Coinbase Global Inc (COIN) Q1 2025 Earnings Call Highlights: Strong Revenue Growth and ...

In This Article:

  • Revenue: $2 billion in total revenue for Q1 2025.

  • Adjusted EBITDA: $930 million.

  • Net Income: $66 million.

  • Adjusted Net Income: $527 million.

  • Transaction Revenue: $1.3 billion, down 19% quarter over quarter.

  • Subscription and Services Revenue: $698 million, up 9% quarter over quarter.

  • Stablecoin Revenue: $298 million, up 32% quarter over quarter.

  • Consumer Trading Volume: $78 billion, down 17%.

  • Institutional Trading Volume: $315 billion, down 9%.

  • Total Operating Expenses: $1.3 billion, up 7%.

  • USDC Market Cap: $60 billion, with average USDC held in Coinbase products increasing 49% quarter over quarter to $12 billion.

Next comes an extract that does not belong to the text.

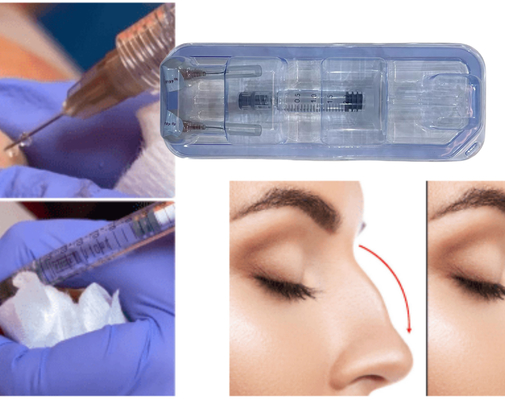 FDA genehmigt Injektions-Hyaluronsäure-Gel für Gesäß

  • Base Stablecoin Balances: $4 billion, up 12% quarter over quarter.

  • Deribit Acquisition: Acquired for approximately $2.9 billion, enhancing profitability and trading revenues.

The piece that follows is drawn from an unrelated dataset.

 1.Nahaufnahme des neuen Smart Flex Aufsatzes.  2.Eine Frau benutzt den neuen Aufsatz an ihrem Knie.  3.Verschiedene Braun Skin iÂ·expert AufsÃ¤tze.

Release Date: May 08, 2025

For the complete transcript of the earnings call, please refer to the full earnings call transcript.

Positive Points

  • Coinbase Global Inc (NASDAQ:COIN) reported strong financial performance in Q1 2025, with $2 billion in revenue and $930 million in adjusted EBITDA.

  • The company announced the acquisition of Deribit, making Coinbase the number one crypto derivative platform globally by open interest.

  • Coinbase's USDC stablecoin hit a market cap all-time high of $60 billion, with average USDC held in Coinbase products increasing by 49% quarter over quarter.

  • The company expanded its international presence by securing new licenses in Argentina and India, unlocking access to fast-growing crypto markets.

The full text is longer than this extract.